VOLTEX Lights
- Voltex Lights logo
- Type: Incorporation
- Industry: Public Safety
- Genre: Roadside Safety Equipment and Lighting
- Founded: 2006
- Founder: David Shin
- Headquarters: Paramount, CA USA, Paramount, California, United States
- Number of locations: North America, North Asia
- Area served: North America, North Asia
- Products: Warning Light Bars, Arrow Boards, VMS Boards
- Services: Manufacture, Distributor
- Parent: Mega Distribution Int'l Inc.
- Divisions: Vehicle Warning Lights, Arrow Boards, VMS Boards
- Subsidiaries: VOLTEX Lights. NSE - National Safety Equipment Company

= Voltex Light Bar Company =

The VOLTEX Lights is an American company based in Paramount, California that specializes in design, development and distribution of signaling devices for the fire and rescue, law enforcement, security enforcement, roadside construction and towing industries serving North America and North Asia.
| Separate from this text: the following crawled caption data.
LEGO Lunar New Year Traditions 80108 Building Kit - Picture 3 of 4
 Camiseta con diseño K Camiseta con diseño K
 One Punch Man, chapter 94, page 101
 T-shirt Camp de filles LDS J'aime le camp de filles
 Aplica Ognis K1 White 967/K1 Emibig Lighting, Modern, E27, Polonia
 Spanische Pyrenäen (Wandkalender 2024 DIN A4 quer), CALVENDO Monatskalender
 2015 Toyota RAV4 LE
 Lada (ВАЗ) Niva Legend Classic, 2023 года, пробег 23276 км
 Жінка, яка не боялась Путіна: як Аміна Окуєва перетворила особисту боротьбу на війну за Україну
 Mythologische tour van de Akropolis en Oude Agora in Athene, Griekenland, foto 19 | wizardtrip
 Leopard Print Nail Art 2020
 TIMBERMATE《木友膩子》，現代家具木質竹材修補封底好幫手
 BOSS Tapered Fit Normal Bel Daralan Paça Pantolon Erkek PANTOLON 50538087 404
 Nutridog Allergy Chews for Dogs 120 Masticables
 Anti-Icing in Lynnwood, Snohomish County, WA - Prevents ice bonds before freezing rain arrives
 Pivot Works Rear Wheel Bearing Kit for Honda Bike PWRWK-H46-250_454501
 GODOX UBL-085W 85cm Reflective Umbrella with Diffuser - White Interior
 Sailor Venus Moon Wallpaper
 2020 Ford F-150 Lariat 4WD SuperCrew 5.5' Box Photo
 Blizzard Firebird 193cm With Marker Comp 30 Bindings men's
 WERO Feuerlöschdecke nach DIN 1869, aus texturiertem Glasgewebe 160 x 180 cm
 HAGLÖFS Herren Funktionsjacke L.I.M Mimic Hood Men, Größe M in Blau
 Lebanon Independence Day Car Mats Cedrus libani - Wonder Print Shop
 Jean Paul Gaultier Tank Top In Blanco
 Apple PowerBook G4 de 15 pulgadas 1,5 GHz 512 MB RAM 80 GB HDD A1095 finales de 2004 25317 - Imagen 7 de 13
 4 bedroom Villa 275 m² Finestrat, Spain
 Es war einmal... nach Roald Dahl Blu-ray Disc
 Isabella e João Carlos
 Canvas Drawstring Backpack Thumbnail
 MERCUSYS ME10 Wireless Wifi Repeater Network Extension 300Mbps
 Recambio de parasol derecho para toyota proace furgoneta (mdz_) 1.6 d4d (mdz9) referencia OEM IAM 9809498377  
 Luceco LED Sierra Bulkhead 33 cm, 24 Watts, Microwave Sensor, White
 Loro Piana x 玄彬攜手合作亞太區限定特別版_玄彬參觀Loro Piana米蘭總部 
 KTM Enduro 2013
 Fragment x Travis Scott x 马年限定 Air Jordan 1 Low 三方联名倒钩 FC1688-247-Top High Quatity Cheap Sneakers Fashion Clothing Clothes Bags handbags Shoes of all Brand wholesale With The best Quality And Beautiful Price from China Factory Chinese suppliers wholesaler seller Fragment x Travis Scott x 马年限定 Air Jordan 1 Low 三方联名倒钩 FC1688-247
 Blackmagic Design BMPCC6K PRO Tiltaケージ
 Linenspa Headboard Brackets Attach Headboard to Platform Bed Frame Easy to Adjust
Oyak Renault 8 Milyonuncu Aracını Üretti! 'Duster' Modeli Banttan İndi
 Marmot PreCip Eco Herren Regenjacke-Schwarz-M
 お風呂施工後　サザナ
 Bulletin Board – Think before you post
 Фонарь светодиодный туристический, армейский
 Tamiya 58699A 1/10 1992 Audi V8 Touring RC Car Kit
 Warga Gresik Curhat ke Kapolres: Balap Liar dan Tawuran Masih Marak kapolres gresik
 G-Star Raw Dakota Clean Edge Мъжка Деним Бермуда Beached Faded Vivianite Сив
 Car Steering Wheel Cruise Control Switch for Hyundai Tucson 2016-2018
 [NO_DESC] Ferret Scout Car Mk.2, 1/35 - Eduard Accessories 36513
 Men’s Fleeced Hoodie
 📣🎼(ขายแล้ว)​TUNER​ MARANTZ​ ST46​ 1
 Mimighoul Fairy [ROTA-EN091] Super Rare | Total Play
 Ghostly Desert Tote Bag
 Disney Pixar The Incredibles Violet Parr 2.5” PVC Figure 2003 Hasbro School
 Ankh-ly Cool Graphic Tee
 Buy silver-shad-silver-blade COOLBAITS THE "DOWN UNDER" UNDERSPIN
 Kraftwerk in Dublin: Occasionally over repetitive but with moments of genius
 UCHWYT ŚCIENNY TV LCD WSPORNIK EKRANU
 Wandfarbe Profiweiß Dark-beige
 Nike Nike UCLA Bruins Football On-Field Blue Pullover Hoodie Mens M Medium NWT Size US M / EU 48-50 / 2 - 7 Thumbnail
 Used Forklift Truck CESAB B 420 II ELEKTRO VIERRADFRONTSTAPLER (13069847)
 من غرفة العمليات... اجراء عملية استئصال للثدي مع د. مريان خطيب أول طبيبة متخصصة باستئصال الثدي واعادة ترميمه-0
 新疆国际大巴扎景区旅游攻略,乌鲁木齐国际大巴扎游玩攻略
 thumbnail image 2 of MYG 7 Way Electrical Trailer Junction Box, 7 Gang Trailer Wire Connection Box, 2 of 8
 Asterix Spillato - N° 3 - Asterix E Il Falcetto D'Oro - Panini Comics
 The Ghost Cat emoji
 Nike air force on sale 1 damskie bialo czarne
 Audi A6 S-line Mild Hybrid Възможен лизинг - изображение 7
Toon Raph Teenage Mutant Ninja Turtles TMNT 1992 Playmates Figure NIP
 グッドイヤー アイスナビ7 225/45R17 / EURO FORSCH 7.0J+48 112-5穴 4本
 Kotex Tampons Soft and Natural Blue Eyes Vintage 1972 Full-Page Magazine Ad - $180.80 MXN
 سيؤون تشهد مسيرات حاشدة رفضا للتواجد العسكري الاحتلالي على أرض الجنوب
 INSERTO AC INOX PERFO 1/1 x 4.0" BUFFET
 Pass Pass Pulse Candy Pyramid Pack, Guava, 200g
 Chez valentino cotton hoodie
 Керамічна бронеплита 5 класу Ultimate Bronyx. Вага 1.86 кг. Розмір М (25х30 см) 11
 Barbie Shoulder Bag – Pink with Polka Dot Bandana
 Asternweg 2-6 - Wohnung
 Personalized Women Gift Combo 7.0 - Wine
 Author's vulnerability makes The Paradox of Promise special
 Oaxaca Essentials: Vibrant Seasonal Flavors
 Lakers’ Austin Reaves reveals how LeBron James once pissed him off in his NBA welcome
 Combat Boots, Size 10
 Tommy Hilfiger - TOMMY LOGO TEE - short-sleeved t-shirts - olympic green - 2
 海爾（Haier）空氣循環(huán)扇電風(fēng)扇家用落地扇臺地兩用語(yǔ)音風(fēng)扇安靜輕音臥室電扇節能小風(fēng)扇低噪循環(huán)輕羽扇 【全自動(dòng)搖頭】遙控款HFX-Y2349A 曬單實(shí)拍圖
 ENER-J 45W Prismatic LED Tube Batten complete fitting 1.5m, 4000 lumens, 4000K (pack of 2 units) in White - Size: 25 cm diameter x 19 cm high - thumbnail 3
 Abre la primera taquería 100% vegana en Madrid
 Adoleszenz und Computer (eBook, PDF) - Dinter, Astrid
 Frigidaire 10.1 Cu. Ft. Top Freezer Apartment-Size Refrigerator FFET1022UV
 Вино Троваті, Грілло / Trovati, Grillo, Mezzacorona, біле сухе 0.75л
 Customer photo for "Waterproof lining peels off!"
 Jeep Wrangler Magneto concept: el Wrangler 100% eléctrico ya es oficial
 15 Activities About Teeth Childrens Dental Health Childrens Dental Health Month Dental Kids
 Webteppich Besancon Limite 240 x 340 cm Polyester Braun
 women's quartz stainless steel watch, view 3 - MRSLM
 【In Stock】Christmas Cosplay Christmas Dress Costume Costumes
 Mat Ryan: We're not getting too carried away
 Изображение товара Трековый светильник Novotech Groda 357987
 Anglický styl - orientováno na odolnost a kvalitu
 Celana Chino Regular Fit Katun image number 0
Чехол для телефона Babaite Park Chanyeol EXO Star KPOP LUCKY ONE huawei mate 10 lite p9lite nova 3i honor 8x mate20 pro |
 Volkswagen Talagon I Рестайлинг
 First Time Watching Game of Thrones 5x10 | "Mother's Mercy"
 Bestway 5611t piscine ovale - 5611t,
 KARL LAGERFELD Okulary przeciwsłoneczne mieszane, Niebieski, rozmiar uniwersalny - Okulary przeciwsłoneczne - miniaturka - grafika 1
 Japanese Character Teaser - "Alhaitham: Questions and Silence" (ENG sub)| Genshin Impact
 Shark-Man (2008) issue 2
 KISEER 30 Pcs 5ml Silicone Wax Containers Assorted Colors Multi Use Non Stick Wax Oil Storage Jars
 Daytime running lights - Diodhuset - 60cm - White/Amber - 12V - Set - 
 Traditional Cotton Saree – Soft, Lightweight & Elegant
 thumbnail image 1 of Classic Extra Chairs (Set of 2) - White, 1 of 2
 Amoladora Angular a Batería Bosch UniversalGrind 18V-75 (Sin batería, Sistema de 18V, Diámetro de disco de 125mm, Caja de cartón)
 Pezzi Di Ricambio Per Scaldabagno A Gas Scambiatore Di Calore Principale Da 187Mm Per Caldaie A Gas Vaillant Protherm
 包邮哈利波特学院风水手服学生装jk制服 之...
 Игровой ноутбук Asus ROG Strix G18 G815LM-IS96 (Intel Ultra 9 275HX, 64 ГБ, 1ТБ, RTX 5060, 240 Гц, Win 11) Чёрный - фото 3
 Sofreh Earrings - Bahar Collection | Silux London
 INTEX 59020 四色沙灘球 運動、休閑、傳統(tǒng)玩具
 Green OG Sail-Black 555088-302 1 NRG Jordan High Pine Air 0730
Established in 2006, VOLTEX International Inc. and VOLTEX Light Bar company has grown significantly in the US market and expanding globally since 2009 with distribution and manufacturing capabilities in 3 continents throughout the world.

==Subsidiary==
VOLTEX Light Bars and VOLTEX Arrow Boards, VOLTEX OEM Headlights, VOLTEXLIGHTS.COM and NSE National Safety Equipment Company manufacturer of hand built roadside arrow boards

==Specialty==
VOLTEX specializes in all kinds of emergency vehicle lighting, light bars and other electronic products and has numerous patents and trademarks registered globally.